Motivation to replicate:
The results obtained by Deshpande & Spears (2016) differ from one of my experiments where I tested the impact of exposure to nationalistic ideas on donations made to upper-caste, Dalit and Hindu recipients. In the control group of my study (n =90) I found no significant discrimination between donations to Dalits (n =30) and Upper-caste recipients (n =30) (identified via their caste names). However, I find marginally significant discrimination towards Muslims (n = 30, p = 0.108). Upon exposure to nationalistic norms, I found that donations made to Muslims were reduced significantly as compared to donations made to upper-caste hindus & Dalits. However, donations made to Dalits remain unaffected in response to exposure to nationalistic norms, any changes are statistically insignificant in comparison to the upper caste. I have recently conducted another study to test whether these effects replicate. Replicating Deshpande & Spears (2016) gives me an additional opportunity to re-test the relative authenticity of the results obtained in the control group of my experiment in an online sample. And allows me to further build on these results to aid a third replication of my nationalism experiment.
Challenges:
Bots & Turk farms: Mturk samples in India are known to be fraught with bots, and Turk farms, which have been increasingly reported to skew the quality of data collection. Based on anecdotes from researchers, I have learnt that such problems have increased over the years, and therefore I am more likely to experience such concerns than the authors of the study did in 2015. I am therefore sceptical of using a Mturk sample to replicate the study. There are other agencies that offer online panel services in India, alongside data quality assurances. Given that my replication isn’t geared towards mapping data quality concerns on Mturk, I believe I should ideally access other services that will provide a better, more robust replication test of the experiment design.
Regional skew: Anecdotal evidence, based on the experience of other researchers, points towards an increasing regional skew within the Mturk working population. Whereby participants are known to be located in Southern parts of India. Deshpande & Spears (2016) however utilize north Indian caste names to indicate caste. A South Indian participant will not be able to accurately categorize and infer the appropriate caste via the names signalled in the prime. Given that Mturk doesn’t allow us to sample the population via region If I use Mturk I am likely to recruit a larger South India population, this will in turn affect the replicability of the experiment.

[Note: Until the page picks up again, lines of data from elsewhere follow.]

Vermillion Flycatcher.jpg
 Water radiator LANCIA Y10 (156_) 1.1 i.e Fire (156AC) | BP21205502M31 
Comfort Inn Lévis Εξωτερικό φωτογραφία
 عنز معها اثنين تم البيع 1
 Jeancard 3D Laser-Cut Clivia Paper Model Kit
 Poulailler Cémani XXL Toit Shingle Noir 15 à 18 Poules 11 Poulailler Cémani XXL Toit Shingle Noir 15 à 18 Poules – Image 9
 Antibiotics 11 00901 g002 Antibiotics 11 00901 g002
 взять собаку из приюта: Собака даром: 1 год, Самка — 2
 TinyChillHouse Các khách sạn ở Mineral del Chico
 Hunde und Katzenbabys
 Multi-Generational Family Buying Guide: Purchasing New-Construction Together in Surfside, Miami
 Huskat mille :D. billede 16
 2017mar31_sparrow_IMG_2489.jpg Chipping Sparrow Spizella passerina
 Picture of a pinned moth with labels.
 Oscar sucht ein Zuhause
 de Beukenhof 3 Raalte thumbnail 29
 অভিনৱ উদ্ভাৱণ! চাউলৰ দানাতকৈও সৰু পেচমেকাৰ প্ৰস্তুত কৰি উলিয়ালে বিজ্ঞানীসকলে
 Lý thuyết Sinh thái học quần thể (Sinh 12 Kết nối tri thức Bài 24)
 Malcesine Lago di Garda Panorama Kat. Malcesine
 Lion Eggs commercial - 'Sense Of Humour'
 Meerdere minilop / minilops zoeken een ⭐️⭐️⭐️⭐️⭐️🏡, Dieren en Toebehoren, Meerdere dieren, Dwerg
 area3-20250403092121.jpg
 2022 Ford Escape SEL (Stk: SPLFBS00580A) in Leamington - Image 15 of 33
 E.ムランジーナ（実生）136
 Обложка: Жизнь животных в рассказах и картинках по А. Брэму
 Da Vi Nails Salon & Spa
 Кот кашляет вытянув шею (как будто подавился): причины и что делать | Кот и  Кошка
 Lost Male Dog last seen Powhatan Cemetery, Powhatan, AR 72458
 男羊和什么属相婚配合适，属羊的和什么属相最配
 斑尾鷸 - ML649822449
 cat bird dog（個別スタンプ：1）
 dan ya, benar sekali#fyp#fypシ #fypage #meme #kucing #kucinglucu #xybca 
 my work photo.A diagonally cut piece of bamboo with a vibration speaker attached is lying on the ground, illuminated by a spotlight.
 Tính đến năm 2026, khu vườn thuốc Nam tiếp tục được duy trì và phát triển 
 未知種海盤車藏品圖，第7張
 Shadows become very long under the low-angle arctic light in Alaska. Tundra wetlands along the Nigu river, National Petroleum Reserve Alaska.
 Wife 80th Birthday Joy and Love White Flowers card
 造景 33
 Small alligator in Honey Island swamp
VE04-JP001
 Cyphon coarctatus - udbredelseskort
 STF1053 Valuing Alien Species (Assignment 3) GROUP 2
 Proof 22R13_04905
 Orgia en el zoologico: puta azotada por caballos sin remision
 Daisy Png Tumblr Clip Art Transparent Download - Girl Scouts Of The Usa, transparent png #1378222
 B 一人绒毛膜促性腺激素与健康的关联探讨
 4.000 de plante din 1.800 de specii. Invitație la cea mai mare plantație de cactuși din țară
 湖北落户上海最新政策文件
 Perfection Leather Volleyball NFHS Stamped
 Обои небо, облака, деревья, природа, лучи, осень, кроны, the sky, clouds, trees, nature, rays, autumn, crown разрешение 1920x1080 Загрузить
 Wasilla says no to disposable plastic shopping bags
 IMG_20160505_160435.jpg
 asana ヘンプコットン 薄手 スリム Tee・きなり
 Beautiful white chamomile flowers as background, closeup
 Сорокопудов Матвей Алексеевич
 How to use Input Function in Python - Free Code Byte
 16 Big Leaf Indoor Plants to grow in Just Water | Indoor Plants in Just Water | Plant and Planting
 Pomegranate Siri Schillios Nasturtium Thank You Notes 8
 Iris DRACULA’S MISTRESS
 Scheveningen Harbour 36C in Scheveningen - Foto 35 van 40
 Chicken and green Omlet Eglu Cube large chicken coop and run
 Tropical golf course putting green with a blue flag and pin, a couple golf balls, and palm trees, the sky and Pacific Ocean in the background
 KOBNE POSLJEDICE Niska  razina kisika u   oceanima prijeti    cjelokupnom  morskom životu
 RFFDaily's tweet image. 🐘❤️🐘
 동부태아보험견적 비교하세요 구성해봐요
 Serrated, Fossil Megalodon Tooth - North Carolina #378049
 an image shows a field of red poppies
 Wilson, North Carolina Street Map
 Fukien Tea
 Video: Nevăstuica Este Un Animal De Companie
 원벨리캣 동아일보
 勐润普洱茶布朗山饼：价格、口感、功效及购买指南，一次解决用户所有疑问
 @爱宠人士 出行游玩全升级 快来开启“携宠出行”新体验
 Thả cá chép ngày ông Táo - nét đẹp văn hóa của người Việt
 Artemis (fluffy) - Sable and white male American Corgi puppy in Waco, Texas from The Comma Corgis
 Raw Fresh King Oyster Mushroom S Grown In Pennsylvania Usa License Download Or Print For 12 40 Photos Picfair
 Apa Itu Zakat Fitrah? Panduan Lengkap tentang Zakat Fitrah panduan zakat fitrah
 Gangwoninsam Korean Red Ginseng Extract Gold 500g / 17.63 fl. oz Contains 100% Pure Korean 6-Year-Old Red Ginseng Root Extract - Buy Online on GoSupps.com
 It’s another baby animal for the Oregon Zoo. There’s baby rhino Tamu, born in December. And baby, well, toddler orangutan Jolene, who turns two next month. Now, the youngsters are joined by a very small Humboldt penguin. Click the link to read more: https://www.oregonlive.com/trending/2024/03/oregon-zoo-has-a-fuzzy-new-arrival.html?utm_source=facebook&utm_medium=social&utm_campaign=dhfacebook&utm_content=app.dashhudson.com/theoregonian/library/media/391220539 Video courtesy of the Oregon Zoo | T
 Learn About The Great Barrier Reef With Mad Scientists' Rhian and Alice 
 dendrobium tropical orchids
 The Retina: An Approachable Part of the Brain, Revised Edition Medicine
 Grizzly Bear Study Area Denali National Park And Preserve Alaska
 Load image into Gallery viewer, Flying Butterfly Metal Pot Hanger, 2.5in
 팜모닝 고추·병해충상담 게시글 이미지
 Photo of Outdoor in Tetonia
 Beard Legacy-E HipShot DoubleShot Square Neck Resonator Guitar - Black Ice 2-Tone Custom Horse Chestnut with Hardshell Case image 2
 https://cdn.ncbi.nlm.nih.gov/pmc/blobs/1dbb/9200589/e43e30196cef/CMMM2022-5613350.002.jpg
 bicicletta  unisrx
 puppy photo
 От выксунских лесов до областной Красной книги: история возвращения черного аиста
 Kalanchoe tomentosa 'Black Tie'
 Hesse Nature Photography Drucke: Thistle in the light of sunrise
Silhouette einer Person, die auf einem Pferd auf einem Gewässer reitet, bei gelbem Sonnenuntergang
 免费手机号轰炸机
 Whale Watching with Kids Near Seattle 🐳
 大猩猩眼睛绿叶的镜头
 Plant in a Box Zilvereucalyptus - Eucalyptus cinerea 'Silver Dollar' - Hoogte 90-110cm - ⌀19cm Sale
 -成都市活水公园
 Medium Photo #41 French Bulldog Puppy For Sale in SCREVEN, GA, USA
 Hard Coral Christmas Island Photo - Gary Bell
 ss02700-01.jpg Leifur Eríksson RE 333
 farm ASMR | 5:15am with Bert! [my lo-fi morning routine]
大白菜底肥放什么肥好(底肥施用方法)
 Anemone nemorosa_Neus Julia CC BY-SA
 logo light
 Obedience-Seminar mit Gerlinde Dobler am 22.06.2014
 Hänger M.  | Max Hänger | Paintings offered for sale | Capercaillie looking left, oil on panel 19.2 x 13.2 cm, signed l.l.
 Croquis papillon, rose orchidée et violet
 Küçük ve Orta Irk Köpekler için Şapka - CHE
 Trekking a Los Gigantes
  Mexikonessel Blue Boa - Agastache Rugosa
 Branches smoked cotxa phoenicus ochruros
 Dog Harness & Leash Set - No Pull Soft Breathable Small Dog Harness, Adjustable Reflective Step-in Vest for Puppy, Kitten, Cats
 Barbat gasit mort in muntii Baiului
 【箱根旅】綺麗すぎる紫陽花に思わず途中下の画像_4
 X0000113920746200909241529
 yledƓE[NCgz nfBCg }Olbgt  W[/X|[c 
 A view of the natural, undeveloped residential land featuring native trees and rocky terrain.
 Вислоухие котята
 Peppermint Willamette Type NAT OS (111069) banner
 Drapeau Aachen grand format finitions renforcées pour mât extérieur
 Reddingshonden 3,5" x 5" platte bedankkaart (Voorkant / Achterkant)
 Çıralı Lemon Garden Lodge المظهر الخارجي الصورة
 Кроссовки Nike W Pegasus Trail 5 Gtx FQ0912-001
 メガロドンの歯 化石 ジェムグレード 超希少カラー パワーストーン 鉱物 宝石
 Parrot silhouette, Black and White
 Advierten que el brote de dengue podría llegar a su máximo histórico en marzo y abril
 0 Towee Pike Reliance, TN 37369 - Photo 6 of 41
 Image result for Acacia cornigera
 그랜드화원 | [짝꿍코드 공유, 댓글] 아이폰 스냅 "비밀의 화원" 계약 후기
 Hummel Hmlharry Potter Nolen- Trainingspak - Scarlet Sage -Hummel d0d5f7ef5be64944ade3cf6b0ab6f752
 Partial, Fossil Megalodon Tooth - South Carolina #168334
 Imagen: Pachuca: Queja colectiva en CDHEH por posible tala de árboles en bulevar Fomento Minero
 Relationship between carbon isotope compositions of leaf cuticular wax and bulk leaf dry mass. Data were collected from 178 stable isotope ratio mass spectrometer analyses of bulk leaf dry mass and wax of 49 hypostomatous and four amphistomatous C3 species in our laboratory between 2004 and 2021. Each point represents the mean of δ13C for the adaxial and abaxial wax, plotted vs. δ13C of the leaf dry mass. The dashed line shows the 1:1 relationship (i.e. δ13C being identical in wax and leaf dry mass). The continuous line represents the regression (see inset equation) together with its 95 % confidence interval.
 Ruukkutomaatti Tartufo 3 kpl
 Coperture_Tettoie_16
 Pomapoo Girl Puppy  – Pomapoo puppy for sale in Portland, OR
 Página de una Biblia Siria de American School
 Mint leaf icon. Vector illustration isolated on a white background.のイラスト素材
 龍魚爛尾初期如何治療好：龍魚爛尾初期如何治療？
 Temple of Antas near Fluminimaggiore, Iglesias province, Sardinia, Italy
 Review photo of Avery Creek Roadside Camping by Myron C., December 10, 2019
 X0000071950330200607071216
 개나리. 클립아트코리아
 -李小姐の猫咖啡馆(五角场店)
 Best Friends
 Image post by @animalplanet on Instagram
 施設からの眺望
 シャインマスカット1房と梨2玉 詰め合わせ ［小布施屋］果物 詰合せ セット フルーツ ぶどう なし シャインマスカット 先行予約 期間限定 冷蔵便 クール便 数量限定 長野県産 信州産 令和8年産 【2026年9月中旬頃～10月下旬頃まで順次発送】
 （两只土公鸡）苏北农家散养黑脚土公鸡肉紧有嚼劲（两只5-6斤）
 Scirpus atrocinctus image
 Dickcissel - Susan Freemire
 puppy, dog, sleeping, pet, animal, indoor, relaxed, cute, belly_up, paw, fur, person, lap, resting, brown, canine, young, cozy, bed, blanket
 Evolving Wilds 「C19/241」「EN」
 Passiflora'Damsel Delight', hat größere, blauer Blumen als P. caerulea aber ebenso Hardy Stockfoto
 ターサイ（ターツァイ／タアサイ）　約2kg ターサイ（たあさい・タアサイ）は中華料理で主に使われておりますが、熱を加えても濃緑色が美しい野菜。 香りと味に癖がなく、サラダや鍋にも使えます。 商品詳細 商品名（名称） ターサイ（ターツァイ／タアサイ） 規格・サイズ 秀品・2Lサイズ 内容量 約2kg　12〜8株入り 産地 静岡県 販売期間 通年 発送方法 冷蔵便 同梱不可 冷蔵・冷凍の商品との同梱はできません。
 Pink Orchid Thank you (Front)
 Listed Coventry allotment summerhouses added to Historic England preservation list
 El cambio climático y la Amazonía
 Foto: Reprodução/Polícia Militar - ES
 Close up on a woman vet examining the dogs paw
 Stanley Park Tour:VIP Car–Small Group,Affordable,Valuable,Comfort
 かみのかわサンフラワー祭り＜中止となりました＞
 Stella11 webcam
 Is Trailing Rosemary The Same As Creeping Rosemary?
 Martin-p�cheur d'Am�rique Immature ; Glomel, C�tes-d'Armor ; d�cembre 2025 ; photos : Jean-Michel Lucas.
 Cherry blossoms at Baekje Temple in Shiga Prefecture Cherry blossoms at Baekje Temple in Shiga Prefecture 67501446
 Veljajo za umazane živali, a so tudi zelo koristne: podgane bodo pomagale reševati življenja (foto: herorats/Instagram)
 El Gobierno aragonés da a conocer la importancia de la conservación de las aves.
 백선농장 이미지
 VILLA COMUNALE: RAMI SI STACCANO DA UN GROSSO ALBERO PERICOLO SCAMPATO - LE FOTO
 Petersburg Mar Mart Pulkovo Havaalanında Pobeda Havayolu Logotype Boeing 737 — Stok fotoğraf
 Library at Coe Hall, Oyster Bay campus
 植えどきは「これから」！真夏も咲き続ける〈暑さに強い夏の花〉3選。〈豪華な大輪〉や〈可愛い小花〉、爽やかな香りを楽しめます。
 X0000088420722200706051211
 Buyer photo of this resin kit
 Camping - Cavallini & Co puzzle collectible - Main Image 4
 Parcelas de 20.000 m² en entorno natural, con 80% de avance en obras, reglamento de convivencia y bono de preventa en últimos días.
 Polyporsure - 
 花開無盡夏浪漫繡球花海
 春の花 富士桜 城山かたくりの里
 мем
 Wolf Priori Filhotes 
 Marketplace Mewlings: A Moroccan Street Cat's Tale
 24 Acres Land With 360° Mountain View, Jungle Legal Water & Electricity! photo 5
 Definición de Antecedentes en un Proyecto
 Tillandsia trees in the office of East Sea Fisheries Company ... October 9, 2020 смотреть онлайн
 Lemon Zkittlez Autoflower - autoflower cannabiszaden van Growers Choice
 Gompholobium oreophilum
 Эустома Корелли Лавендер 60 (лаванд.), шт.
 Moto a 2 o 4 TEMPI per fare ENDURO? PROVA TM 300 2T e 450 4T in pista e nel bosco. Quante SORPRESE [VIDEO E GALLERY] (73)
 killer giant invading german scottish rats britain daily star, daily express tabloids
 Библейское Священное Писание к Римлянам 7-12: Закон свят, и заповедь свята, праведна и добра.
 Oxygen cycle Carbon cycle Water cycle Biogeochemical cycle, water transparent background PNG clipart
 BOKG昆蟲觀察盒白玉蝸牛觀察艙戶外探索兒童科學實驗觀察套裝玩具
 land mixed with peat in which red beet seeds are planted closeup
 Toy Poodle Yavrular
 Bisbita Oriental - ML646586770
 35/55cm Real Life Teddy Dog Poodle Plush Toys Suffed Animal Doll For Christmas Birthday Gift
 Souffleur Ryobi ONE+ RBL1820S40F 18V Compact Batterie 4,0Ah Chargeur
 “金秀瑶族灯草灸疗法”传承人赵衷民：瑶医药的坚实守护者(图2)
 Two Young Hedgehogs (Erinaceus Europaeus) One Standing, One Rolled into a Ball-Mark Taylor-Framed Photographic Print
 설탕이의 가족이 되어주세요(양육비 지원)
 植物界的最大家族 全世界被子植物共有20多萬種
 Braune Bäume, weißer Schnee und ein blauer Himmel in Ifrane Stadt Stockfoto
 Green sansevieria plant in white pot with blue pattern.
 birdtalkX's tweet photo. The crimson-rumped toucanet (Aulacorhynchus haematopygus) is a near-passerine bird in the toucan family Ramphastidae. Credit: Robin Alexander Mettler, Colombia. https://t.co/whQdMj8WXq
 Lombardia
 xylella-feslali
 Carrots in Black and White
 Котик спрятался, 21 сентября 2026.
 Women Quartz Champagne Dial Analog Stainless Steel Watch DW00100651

Power: Deshpande & Spears (2016) recruited a sample of 400 participants, incidently their sample was a homogeneous group of upper-caste hindus. This led the researchers to obtain 50 upper caste Hindu participants per treatment group. Such homogeneous recruitment of upper case hindus is however not always possible. It is likely that in our recruitment we will not be able to pre-emptively control for demographics. If we ask participants to report their caste at the start of the survey and exclude them on the basis of caste, this will amount to discrimination, and also inadvertently prime caste/ religious identity. Therefore accounting for potential heterogeneity in the recruited sample, and the statistical procedures needed to control for the same, we would need to increase our sample to 800 to have an 80 % chance of seeing the effect size at 0.05 significance level.This project assumes that we will have at least 100-150 people from OBC, SC, and Muslim backgrounds in our sample (each). However, if we work with an agency we can work with a pre-defined panel of upper caste groups as our sample.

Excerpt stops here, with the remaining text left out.